Her call for international support was based on World Health Organization’s and its regional arm, Pan-American Health Organization’s findings on how fast the cholera epidemic is spreading. The cholera outbreak began in late October and it is feared it could affect 400,000 people.

“This projection is a wake-up call,” Amos said during her stay in Port-au-Prince, the nation’s capital.

Although a preventable and treatable disease, the cholera outbreak and its projected impact are considered the worst of possible scenarios. If not prevented, the spread of the outbreak could be tremendously devastating.

Amos saw some of the humanitarian work that is being done and recognized the saved tens of thousands of lives. However, she still stressed the need to invest in cholera prevention nationwide. This means building more treatment facilities and increasing the number of health workers on the ground.

“It is not enough to curb the loss of life, or equip Haitians to tackle this crisis themselves,” she said. “This epidemic has not yet peaked. If we don’t respond strongly and quickly enough then more people will die needlessly.”

As of Monday, the death toll stood at 1,200. Experts, however, said that the epidemic might have claimed as many as 2,000 with some fatalities in remote areas left unreported.
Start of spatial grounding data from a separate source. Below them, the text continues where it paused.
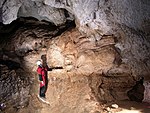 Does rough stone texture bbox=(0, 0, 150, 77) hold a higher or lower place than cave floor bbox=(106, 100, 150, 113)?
higher

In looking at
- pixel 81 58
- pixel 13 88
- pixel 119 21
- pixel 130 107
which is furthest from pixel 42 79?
pixel 119 21

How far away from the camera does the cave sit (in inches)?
305

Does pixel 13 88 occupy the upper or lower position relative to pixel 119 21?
lower

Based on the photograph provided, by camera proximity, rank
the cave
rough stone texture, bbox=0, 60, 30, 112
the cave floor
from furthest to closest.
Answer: rough stone texture, bbox=0, 60, 30, 112
the cave
the cave floor

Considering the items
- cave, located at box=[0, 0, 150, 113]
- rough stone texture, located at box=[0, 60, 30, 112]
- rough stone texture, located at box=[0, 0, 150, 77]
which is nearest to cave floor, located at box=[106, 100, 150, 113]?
cave, located at box=[0, 0, 150, 113]

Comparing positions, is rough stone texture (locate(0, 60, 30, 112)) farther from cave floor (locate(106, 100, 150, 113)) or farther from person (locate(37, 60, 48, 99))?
cave floor (locate(106, 100, 150, 113))

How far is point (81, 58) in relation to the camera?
9086 mm

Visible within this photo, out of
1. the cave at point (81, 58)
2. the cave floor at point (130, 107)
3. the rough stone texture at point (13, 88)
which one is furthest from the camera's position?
the rough stone texture at point (13, 88)

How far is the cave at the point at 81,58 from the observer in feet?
25.4

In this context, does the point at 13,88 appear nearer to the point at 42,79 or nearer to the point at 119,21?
the point at 42,79

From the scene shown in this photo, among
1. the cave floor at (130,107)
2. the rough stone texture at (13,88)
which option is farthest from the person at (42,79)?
the cave floor at (130,107)

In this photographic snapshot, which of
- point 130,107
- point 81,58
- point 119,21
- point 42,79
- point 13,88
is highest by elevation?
point 119,21

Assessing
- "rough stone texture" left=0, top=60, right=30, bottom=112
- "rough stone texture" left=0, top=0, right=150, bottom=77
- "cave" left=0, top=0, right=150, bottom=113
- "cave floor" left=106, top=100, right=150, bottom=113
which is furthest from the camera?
"rough stone texture" left=0, top=60, right=30, bottom=112

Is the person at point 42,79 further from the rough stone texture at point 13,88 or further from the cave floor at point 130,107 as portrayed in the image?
the cave floor at point 130,107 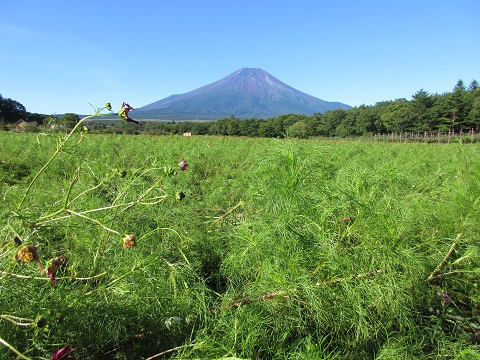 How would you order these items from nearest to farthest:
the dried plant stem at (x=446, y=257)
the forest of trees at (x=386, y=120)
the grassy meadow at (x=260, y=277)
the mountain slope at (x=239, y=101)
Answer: the grassy meadow at (x=260, y=277) → the dried plant stem at (x=446, y=257) → the forest of trees at (x=386, y=120) → the mountain slope at (x=239, y=101)

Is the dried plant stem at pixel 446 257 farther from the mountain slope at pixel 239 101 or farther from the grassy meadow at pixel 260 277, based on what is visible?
the mountain slope at pixel 239 101

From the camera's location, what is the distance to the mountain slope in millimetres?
135038

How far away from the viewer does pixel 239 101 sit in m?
145

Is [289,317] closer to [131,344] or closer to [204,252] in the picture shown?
[131,344]

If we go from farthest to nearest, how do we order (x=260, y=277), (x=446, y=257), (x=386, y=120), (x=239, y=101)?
(x=239, y=101)
(x=386, y=120)
(x=446, y=257)
(x=260, y=277)

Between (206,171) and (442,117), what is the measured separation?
59.6m

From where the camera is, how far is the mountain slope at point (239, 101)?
443ft

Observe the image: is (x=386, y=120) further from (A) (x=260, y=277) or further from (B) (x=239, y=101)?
(B) (x=239, y=101)

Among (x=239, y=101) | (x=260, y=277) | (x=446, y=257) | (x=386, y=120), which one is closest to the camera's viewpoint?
(x=260, y=277)

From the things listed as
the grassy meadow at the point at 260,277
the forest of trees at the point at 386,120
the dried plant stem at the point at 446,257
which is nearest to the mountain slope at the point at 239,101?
the forest of trees at the point at 386,120

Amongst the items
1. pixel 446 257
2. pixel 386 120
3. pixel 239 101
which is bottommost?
pixel 446 257

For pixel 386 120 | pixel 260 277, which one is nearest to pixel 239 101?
pixel 386 120

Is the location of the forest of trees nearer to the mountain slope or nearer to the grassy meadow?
the grassy meadow

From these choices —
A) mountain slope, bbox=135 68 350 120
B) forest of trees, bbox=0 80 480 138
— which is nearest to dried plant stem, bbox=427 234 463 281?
forest of trees, bbox=0 80 480 138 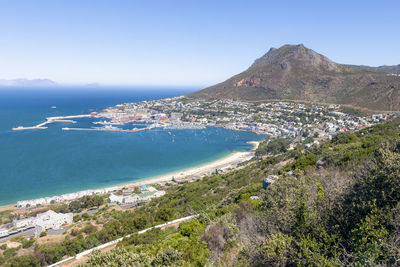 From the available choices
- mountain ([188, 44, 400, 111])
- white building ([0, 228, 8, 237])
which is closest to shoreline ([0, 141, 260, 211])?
white building ([0, 228, 8, 237])

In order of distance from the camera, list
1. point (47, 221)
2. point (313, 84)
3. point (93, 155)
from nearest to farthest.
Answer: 1. point (47, 221)
2. point (93, 155)
3. point (313, 84)

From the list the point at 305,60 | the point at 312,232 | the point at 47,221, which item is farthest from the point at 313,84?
the point at 312,232

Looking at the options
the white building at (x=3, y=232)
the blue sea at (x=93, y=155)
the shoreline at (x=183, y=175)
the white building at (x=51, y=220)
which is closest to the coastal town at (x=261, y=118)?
the blue sea at (x=93, y=155)

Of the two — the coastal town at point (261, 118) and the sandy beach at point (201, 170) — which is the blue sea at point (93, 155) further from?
the coastal town at point (261, 118)

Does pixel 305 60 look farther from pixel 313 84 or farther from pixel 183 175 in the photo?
pixel 183 175

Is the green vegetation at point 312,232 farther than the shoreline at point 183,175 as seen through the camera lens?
No

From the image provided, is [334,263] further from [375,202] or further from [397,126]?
[397,126]

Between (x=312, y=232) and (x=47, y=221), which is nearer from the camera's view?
(x=312, y=232) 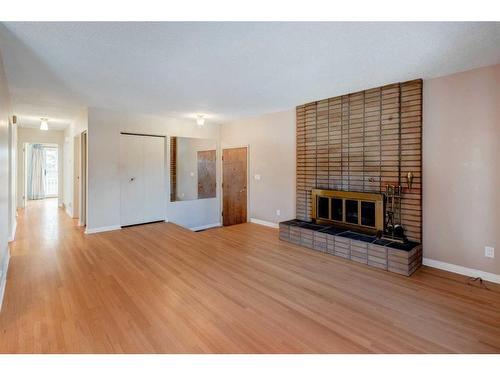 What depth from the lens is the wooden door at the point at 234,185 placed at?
636cm

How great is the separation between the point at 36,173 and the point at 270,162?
937 centimetres

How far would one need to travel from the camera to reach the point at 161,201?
610 centimetres

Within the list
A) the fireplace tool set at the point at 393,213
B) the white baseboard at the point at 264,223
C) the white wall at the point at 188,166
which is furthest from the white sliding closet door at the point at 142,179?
the fireplace tool set at the point at 393,213

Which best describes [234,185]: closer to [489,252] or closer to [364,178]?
[364,178]

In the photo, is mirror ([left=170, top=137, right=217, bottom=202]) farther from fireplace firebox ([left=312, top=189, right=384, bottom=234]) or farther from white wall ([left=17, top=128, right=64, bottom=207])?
white wall ([left=17, top=128, right=64, bottom=207])

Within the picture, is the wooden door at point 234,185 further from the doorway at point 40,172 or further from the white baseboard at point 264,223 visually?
the doorway at point 40,172

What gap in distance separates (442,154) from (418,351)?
2.49m

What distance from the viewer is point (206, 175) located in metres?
6.75

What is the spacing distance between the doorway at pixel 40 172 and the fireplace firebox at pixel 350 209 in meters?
9.44

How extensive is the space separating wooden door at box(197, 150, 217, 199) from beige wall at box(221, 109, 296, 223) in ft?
2.84

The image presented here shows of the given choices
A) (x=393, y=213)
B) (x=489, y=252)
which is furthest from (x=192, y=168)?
(x=489, y=252)

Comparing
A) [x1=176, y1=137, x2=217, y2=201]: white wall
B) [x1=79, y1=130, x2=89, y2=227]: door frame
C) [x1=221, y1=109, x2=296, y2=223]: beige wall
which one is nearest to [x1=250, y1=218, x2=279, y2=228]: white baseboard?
[x1=221, y1=109, x2=296, y2=223]: beige wall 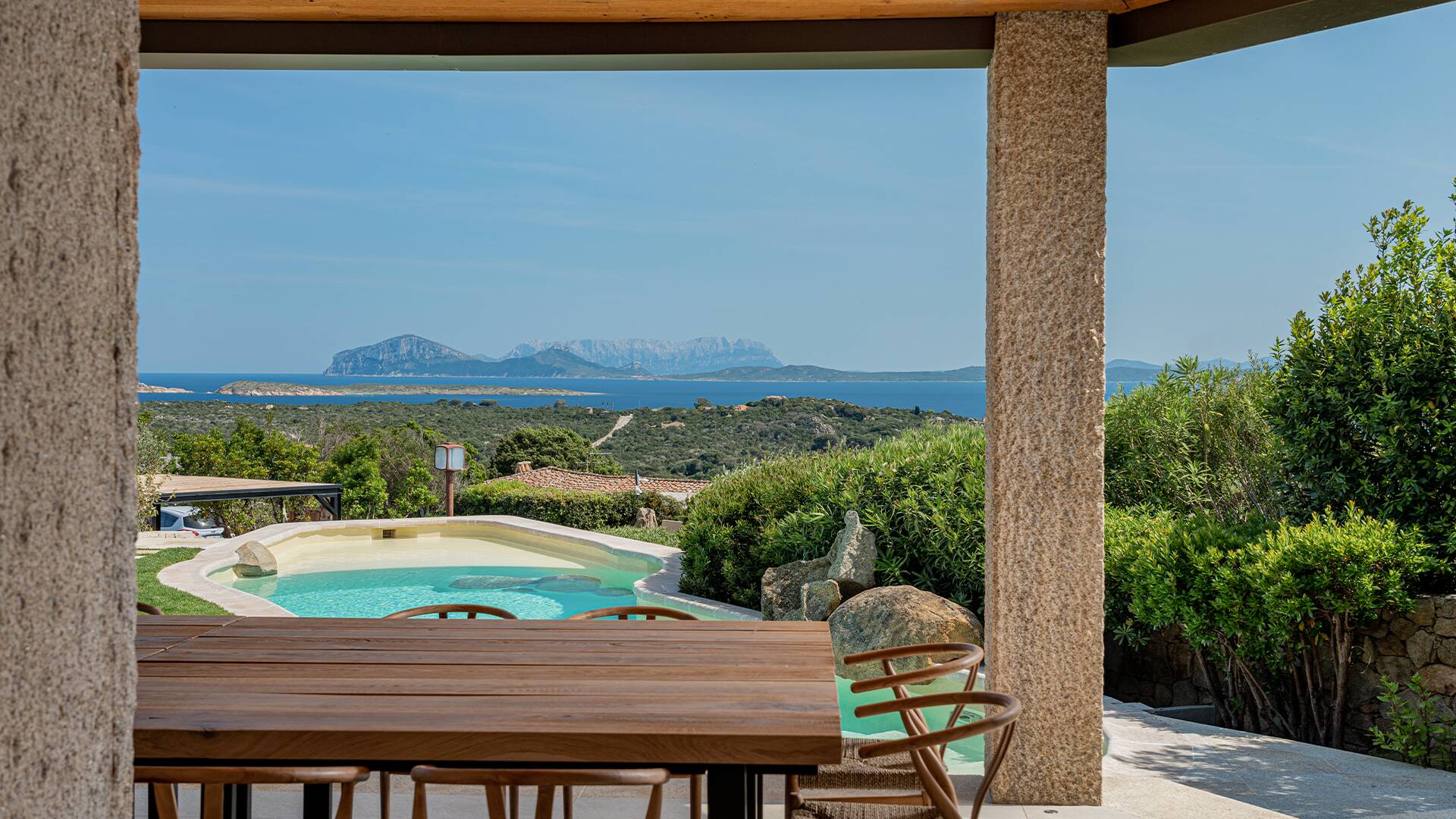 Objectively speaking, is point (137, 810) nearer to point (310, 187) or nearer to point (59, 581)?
point (59, 581)

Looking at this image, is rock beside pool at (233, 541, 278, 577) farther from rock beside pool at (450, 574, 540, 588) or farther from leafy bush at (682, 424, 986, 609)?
leafy bush at (682, 424, 986, 609)

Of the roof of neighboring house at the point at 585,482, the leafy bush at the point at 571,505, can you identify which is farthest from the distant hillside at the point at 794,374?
the leafy bush at the point at 571,505

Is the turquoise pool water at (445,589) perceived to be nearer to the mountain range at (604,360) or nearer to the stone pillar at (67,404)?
the stone pillar at (67,404)

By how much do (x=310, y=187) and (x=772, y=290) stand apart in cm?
2538

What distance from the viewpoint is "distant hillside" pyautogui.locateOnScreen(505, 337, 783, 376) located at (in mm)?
55625

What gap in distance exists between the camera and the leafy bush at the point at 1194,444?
6.05 metres

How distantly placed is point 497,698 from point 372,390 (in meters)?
49.9

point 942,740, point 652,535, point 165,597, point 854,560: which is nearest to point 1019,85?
point 942,740

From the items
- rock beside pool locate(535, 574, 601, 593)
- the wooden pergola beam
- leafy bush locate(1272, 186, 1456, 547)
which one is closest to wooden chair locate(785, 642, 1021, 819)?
the wooden pergola beam

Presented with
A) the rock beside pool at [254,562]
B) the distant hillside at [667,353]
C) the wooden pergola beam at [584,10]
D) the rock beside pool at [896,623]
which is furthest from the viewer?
the distant hillside at [667,353]

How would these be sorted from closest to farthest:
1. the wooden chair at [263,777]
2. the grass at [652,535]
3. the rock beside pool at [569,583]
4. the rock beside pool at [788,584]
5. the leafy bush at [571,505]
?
the wooden chair at [263,777]
the rock beside pool at [788,584]
the rock beside pool at [569,583]
the grass at [652,535]
the leafy bush at [571,505]

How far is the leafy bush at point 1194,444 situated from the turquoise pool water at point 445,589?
4434 millimetres

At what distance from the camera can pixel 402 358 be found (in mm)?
55406

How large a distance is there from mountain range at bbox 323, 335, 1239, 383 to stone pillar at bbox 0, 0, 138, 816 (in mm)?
52395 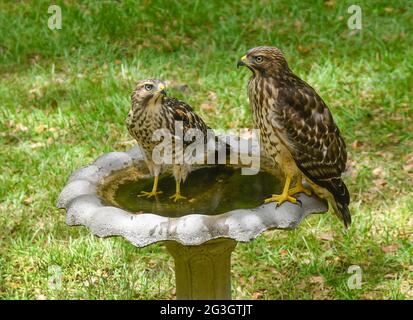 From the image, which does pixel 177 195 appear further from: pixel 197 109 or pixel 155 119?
pixel 197 109

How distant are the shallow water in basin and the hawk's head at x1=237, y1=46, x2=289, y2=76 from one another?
74cm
The epidemic is spreading through contaminated food and water and the number of those who have been infected is approaching 50,000.

The UN and its partners have appealed for $164 million in financial assistance. This will be used for the needed additional treatment centers, medical equipments, rehydration salts, water purification tablets, and other essential materials to respond to the outbreak. More important, is to scale-up its public information campaigns to help Haitians understand how they could prevent infection.